Material provided =
:::::
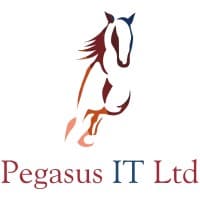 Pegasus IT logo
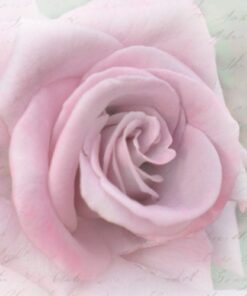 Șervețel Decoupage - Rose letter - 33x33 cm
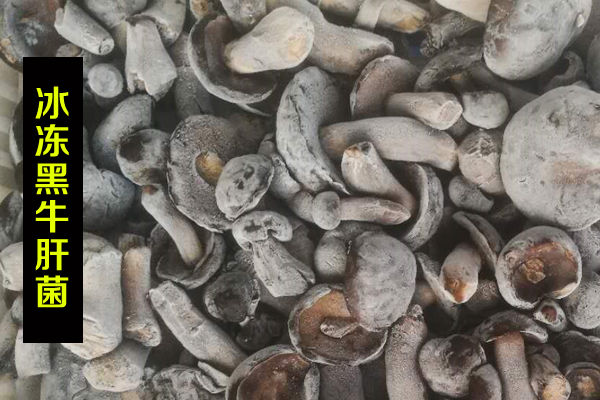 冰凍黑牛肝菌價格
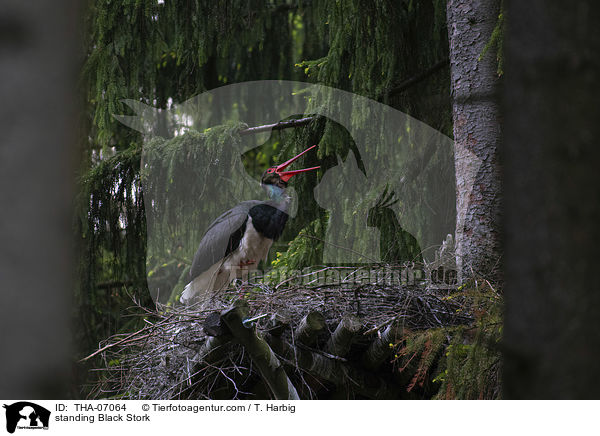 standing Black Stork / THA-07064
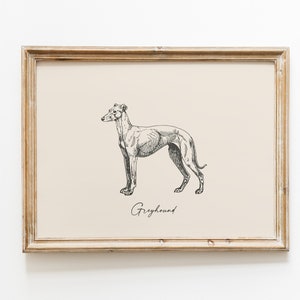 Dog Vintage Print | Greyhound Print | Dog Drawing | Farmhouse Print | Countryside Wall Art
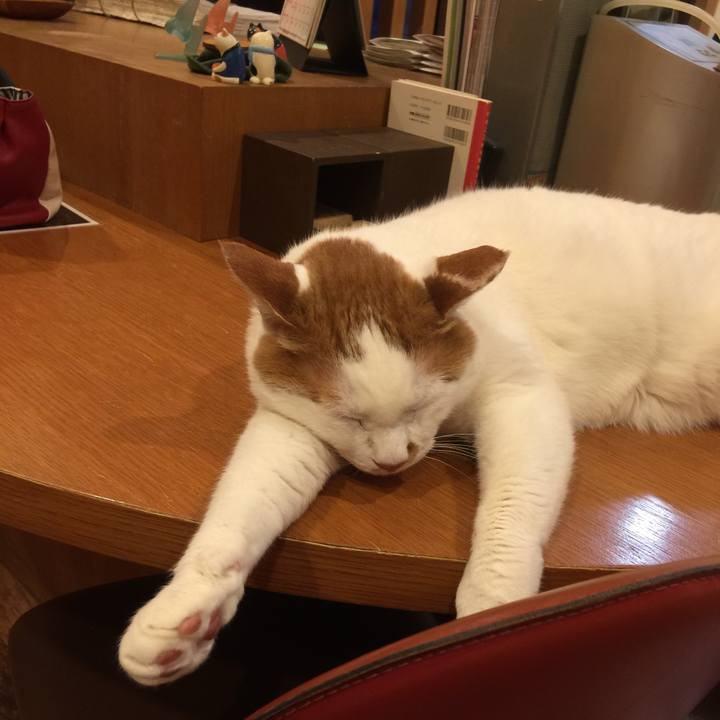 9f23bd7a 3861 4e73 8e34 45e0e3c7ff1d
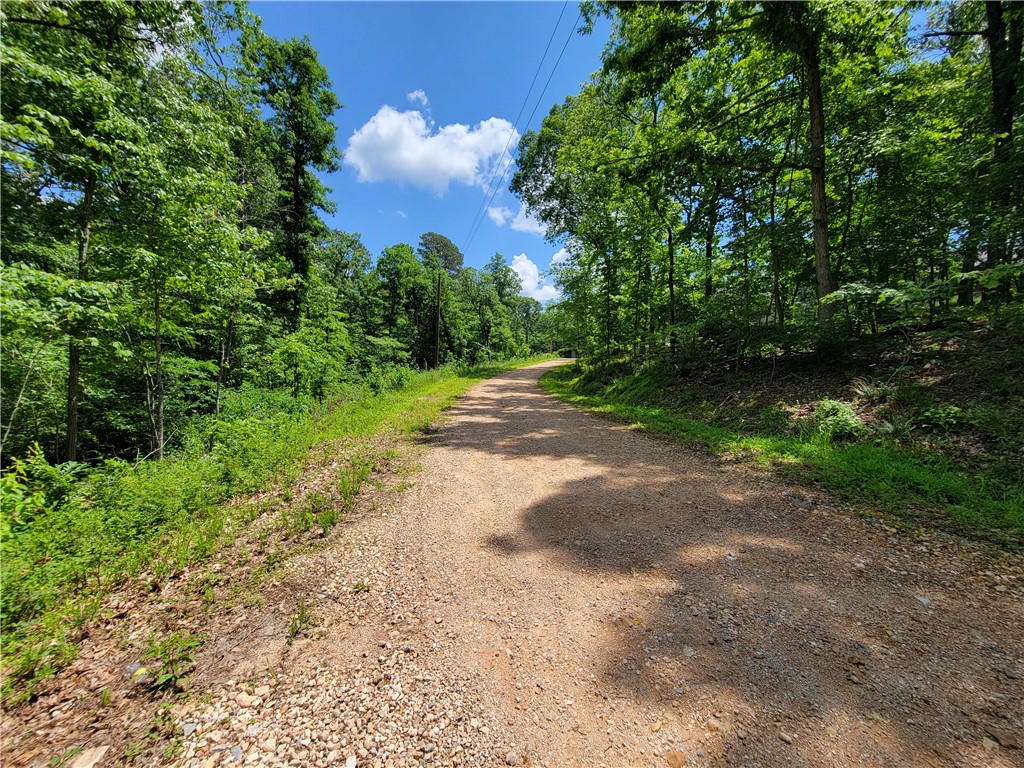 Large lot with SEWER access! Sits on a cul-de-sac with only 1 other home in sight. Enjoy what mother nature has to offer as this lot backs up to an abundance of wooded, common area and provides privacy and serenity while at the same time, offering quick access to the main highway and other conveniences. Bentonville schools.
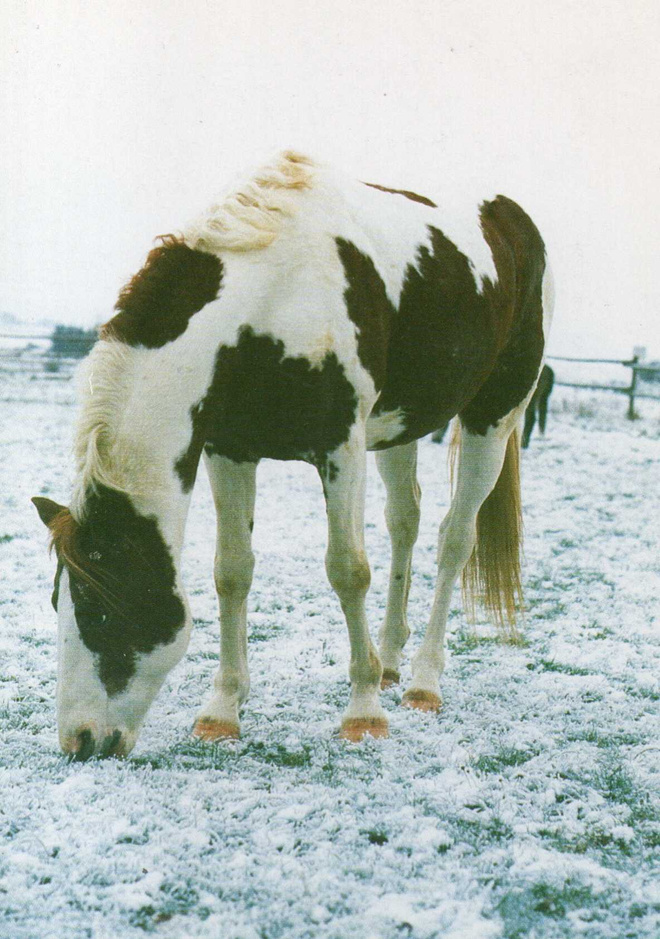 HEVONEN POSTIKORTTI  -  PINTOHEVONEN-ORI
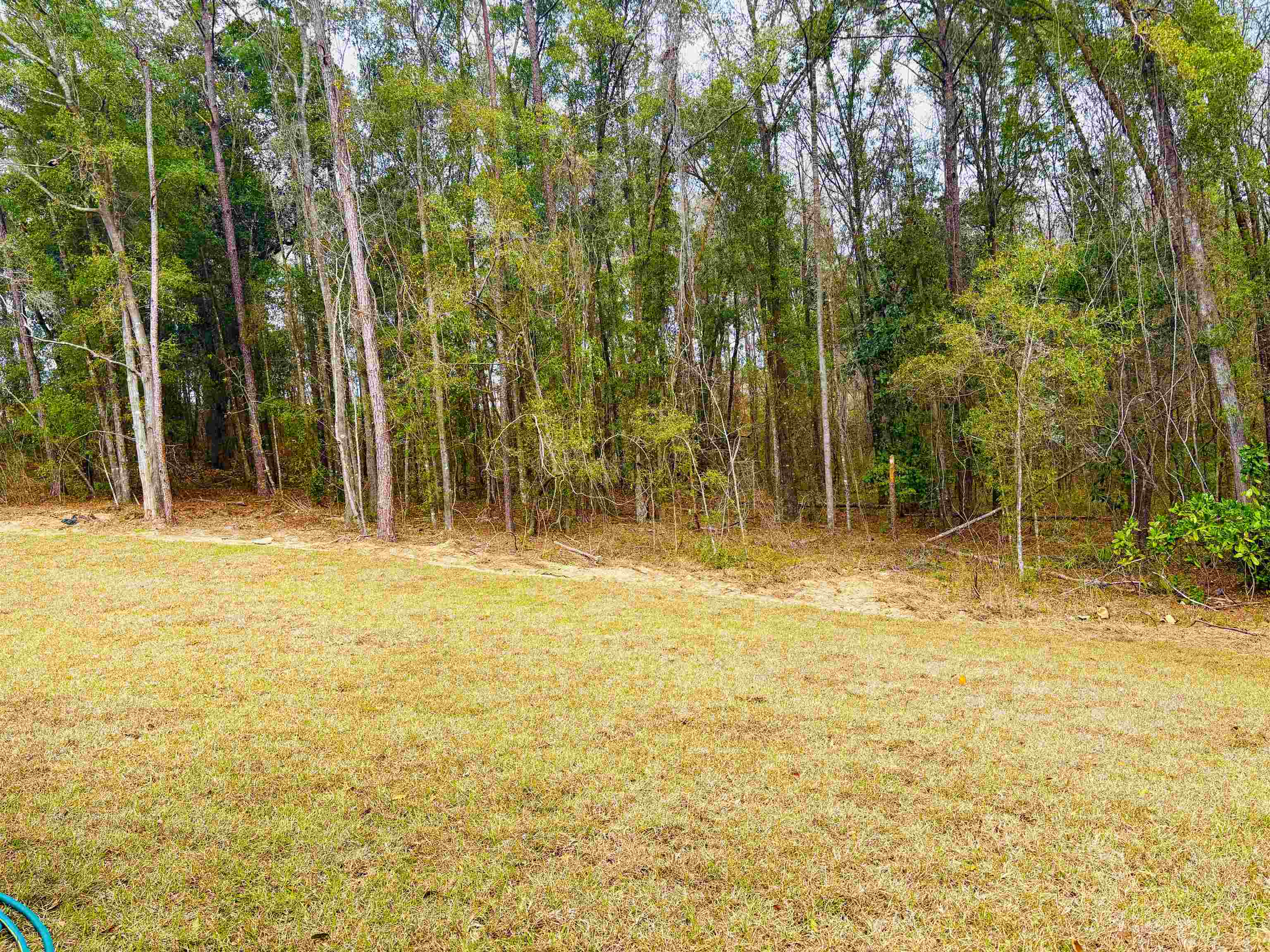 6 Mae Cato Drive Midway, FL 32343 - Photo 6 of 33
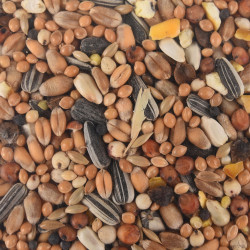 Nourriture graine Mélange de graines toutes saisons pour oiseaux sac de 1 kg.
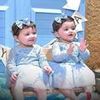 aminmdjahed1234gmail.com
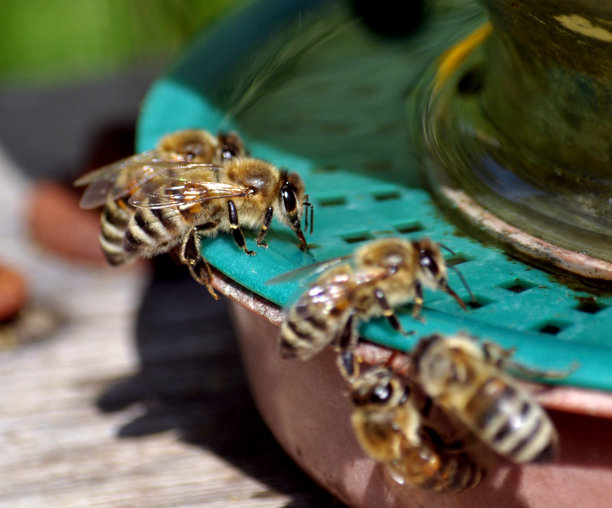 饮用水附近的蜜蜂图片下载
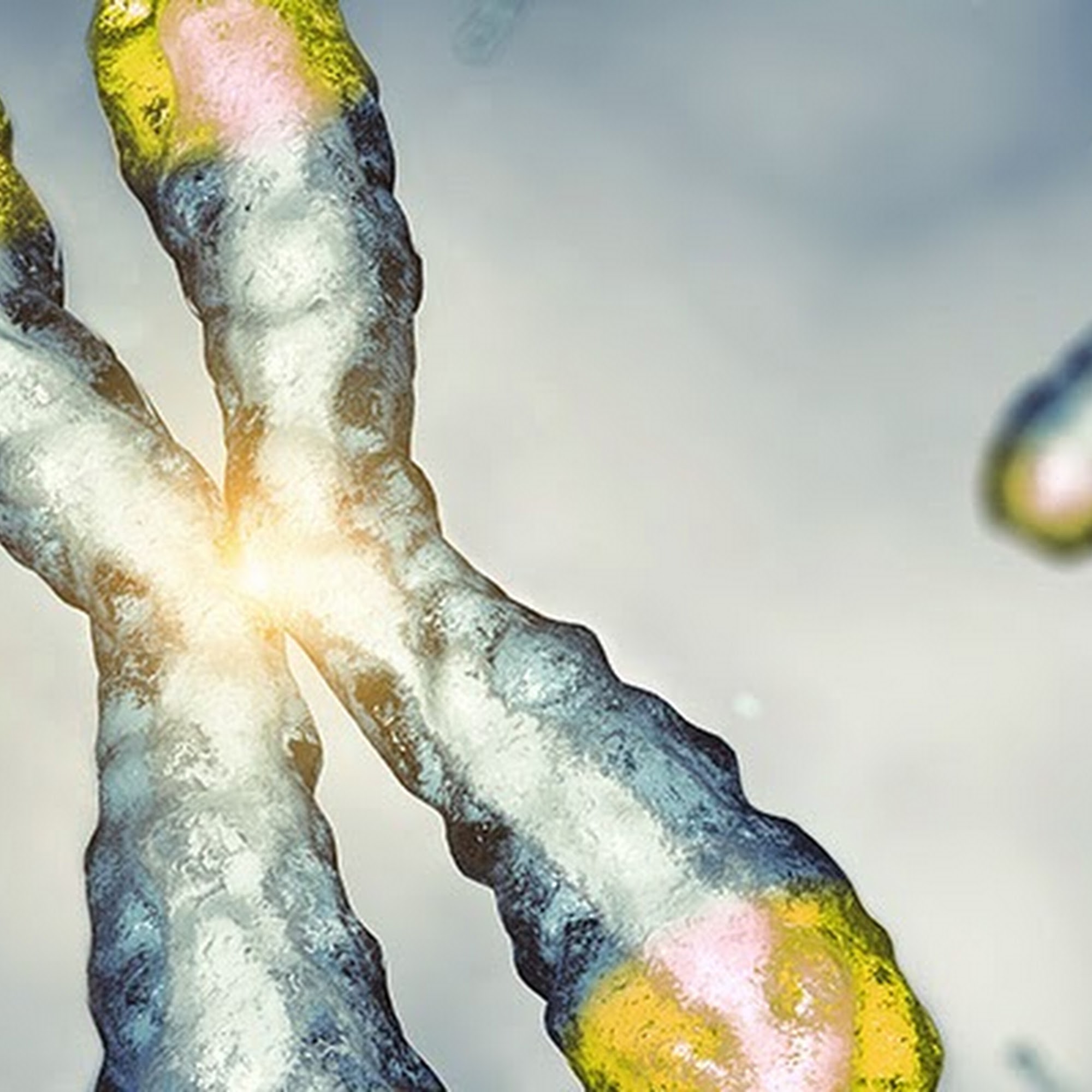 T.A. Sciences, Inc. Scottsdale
:::::
Assignment =
Pictures aside, repeat each entry in full and without change.

Result of this exercise =
 Pegasus IT logo
 Șervețel Decoupage - Rose letter - 33x33 cm
 冰凍黑牛肝菌價格
 standing Black Stork / THA-07064
 Dog Vintage Print | Greyhound Print | Dog Drawing | Farmhouse Print | Countryside Wall Art
 9f23bd7a 3861 4e73 8e34 45e0e3c7ff1d
 Large lot with SEWER access! Sits on a cul-de-sac with only 1 other home in sight. Enjoy what mother nature has to offer as this lot backs up to an abundance of wooded, common area and provides privacy and serenity while at the same time, offering quick access to the main highway and other conveniences. Bentonville schools.
 HEVONEN POSTIKORTTI  -  PINTOHEVONEN-ORI
 6 Mae Cato Drive Midway, FL 32343 - Photo 6 of 33
 Nourriture graine Mélange de graines toutes saisons pour oiseaux sac de 1 kg.
 aminmdjahed1234gmail.com
 饮用水附近的蜜蜂图片下载
 T.A. Sciences, Inc. Scottsdale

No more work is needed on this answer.